Mit „Rückblick“ zeigte sie, wie die Bars der „kleinen Kobra“ vor einem halben Jahr noch klangen, in denen sie wiederum darüber rappt, was sie vorhat zu erreichen. Im Anschluss daran hängt sie noch Lines, in denen sie diese Zeit reflektiert. Bei „Stabil“ hingegen, zu dem sie ihr zweites professionelleres Video präsentiert hat, merkt man spätestens, dass sie auch viel über die Rolle der Frau in unserer Gesellschaft nachdenkt und diese Gedanken lyrisch verpackt. Es würde ihren Texten allerdings gut tun, wenn sie etwas seltener betont, dass sie eine Frau ist, die rappt. Trotzdem ist das verständlich, da es Frauen auch 2016 noch nicht leicht haben, sich in einer männerdominierten Szene durchzusetzen. Ihre Gelegenheit also, vom Gegenteil zu überzeugen, und wenn sie dafür noch fünf Songs über ehrenlose Männer und starke Frauen schreiben muss (ohne gleich eine Gender-Debatte lostreten zu wollen, denn vielleicht muss sie erst ihre negativen Erfahrungen verarbeiten).

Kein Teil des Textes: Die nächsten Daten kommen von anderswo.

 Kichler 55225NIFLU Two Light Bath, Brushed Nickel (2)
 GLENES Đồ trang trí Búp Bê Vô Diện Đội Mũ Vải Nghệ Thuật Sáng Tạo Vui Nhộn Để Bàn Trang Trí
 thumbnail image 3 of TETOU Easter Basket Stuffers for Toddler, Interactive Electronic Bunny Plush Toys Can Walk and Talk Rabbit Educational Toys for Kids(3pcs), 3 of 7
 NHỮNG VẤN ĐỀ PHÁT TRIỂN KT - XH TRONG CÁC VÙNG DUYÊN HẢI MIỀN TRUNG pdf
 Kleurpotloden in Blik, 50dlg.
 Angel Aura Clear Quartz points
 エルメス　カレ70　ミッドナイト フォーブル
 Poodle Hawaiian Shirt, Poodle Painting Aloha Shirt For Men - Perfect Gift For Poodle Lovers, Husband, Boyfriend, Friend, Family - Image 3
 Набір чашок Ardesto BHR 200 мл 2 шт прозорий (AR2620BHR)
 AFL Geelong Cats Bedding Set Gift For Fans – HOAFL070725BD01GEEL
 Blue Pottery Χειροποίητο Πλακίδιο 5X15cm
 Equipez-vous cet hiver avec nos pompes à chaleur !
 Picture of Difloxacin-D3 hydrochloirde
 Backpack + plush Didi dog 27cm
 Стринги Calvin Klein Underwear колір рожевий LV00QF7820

Dass ihre Lyrics tatsächlich noch steigerungsfähig waren, belegt ihr aktuellster Song „100 Prozent“. Denn sie hat sich dazu entschieden, „100 Prozent zu geben, statt nur ein bisschen Talent zu haben oder nur ein bisschen in [ihren] Lebensweg zu investieren“, wie sie auf Facebook schreibt. Der Text ist hier on point und auch flowtechnisch lässt sie auf keinen Fall nach. Kurzum: In ihr steckt durchaus Potenzial, das Game wieder etwas auf- und die Karten neu zu mischen. Die Grundsteine dafür sind gelegt.